Once we divide our table into rows we can start to understand the data better. The table on the left shows us that Department A is spending a lot more on events than other departments, and the table on the right shows us that the two services seem to be used about equally.

Columns

Here’s where pivot tables get powerful and useful for exploring data: if you use a Row and a Column, you can see more complex relationships. 

For example, with our event data, we might wonder what Department A is spending money on. Our data contains a field called Event Type. If we add that to the column suddenly our table gives us a better view of what’s happening. Department A spends a lot of money because they host the expensive kind of event.

In our service data we might think that our question about the use of our service might be more clear if we knew who was using each service. If we add patron type to the columns, we can see that both services are not used equally by all patron types. Maybe this is expected, maybe it’s a new insight!

The table on the right shows the average cost of events by department and type. Department A spent 330.333 per event, and all their events were Receptions. Department B spend an average of 71.5 on lectures, and 350 on receptions, Department C spent an average of 63.66 on lectures. The table on the right shows that service 1 is mostly used by undergrads, and service 2 is mostly used by faculty and grad students.
By dividing the data into rows by one facet, and into columns by another facet, we can start to understand it.

The more complex your data is, the more exploring you might have to do to understand what the data can show. Using your questions to guide you, you can easily change the values, rows, and columns to explore lots of relationships.

What next

Once you’ve explored your data you may have one of several next steps depending on what you found, and what your goal for exploring the data was. Maybe you found you couldn’t answer the question, and need to find other information to fill in some gaps, but you should at least know what you need to know. That information may exist, or you might have to start collecting it. Maybe you answered your question, and you’re done. Maybe you want to share what you’ve found with others as a graph or table in a report. 

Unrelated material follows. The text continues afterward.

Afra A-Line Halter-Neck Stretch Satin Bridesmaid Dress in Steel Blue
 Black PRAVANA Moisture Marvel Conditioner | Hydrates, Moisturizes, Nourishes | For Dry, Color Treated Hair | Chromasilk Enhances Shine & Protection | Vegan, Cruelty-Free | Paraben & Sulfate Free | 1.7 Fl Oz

If you want to share your data with others, the pivot tables you made can be used to make graphs and charts in your spreadsheet or presentation software. If you are going to use analytics software like Tableau or Google Data Studio, you will know which relationships to show. However you communicate the data, you should also communicate any relevant information about what the fields mean and what gaps or inconsistencies there may be. This will help your audience understand the data and prevent misunderstandings.